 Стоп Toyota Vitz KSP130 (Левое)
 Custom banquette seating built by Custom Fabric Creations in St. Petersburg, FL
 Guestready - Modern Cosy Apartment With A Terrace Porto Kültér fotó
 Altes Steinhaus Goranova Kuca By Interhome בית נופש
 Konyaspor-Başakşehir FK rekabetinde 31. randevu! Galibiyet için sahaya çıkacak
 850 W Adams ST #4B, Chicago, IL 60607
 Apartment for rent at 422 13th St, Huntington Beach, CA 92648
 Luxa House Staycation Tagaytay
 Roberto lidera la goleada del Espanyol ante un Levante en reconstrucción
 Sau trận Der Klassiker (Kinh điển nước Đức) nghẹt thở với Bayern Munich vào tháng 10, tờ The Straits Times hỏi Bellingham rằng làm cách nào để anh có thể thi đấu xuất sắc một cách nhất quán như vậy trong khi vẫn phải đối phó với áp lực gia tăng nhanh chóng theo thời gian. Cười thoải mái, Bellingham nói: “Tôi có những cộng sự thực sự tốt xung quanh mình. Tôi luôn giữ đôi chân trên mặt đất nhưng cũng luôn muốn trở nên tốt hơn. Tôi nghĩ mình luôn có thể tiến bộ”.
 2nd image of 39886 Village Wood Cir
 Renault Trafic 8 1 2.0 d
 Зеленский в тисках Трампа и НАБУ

§ **EXERCISE DETAILS**
Restate the listing word for word, but only from its first line through the line with "Roberto lidera la", keeping both end lines.

§ **EXERCISE ANSWER**
 Стоп Toyota Vitz KSP130 (Левое)
 Custom banquette seating built by Custom Fabric Creations in St. Petersburg, FL
 Guestready - Modern Cosy Apartment With A Terrace Porto Kültér fotó
 Altes Steinhaus Goranova Kuca By Interhome בית נופש
 Konyaspor-Başakşehir FK rekabetinde 31. randevu! Galibiyet için sahaya çıkacak
 850 W Adams ST #4B, Chicago, IL 60607
 Apartment for rent at 422 13th St, Huntington Beach, CA 92648
 Luxa House Staycation Tagaytay
 Roberto lidera la goleada del Espanyol ante un Levante en reconstrucción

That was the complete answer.